The proposed approach is novel in that it incorporates human preferences in training the AI model. This methodology aligns with the theme of human-guided system adaptation well and would likely find different applications in other practical scenarios. That said, it is uncertain whether there would be a risk of the AI model overfitting to human preferences and what the implications of that may be. It would be important to consider how such a risk could be mitigated. There is some uncertainty when it comes to evaluating human–machine teaming, as it can sometimes be unclear what is meant by good or bad teamwork. And so, it would be helpful to define metrics for characterizing the quality of human–machine teaming, which could serve as part of the goals for optimization as well as the basis for evaluation and comparison of different human–machine teaming approaches. Perhaps one can obtain inspiration from human–human teaming in sports for defining such metrics. Clarifying the complexity of the solution space and the list of the possible actions that the agent can undertake would better illustrate the power of the proposed approach. It would also be interesting to investigate approaches to adapt AI to better collaborate with different human users.

“Grace’s Quarter” as well as the use of imperfect terrain in the negative obstacle rollover demo were also both impressive and interesting efforts. This work is worth doubling down—however, more consideration could also be made in this project for the human subjects that are being sampled—specifically, it would be important to broaden the recruiting effort to enhance the pool of subjects in terms of diversity.

The competition about letting a human user play Super MegaTeTRIS (i.e., 10 Tetris games) simultaneously in collaboration with an AI is very creative and inspiring. Such a scenario is extremely useful and promising for investigating how a human user collaborates with an AI in control-heavy and decision-making tasks. The findings and resulting methodologies would likely find good applications in many practical scenarios, where a human user needs to collaborate with an AI to control multiple machines or entities to solve problems at the same time and at scale.

It would be helpful to perform and depict an in-depth analysis of how a human user collaborates with the AI during the Super MegaTeTRIS competition. For example, it would be useful to investigate when a human user will take control of the program in lieu of the AI, and to determine what the reason is for the human user to take control rather than relying on the AI. It is helpful to investigate the user’s experiences (e.g., trust, stress, and confidence) in such human–AI collaboration scenarios. Such investigations would inform future research on enhancing human–AI collaboration tools, algorithms, and user interfaces so as to improve overall performances and user experiences.
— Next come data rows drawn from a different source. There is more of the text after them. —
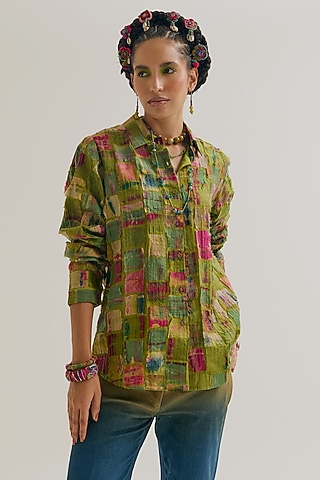 Green Chanderi Silk Embroidered Shirt by Capisvirleo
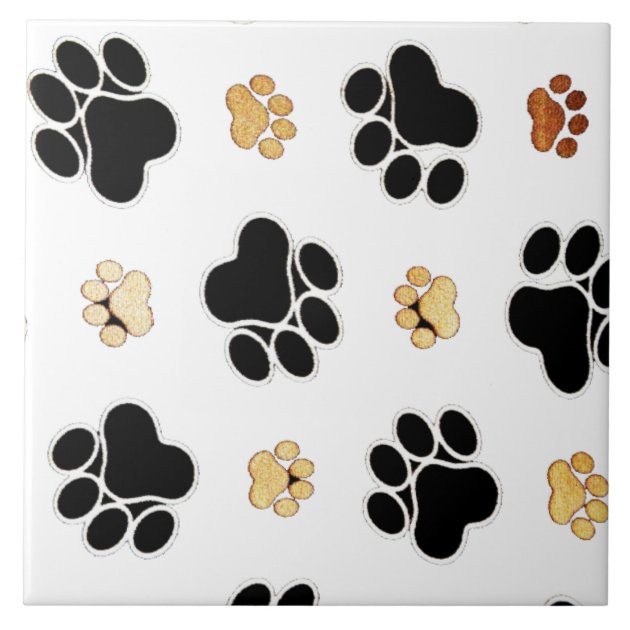 Dog shop paw tile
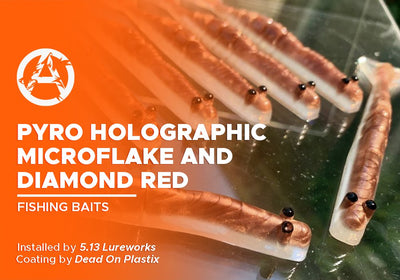 PYRO HOLOGRAPHIC MICROFLAKE AND DIAMOND RED  | DEAD ON PLASTIX | FISHING BAITS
The associated hackathon, where students tried to understand how it worked, was a nice approach to train people how to think about this space; however, in this case, it would also be important to try to increase the demographic diversity of participants.

The “MEERKAT Intelligent and Interactive Data Structures for Complex Data Types” program seeks to answer the question of how to design data structures and the format of data to inspire AI learning—and so require human supervision to help the AI learn. The problems that need solutions are (1) the data structures that can handle heterogeneous data sets are not in a standard format; and (2) how may AI be trained to understand if art is abstract or not—a question which requires the quantification of abstract art from numerous art galleries. The use of data structures to intake the painting imagery, and then the construction of a foundational AI model without the typical modeling approaches, was novel. The use of people to instruct the AI if it was right or wrong and iterate over time brings into question the scalability of this solution. It is difficult to quantify success for this project and partnering early and often with those that have domain expertise in these data types is suggested.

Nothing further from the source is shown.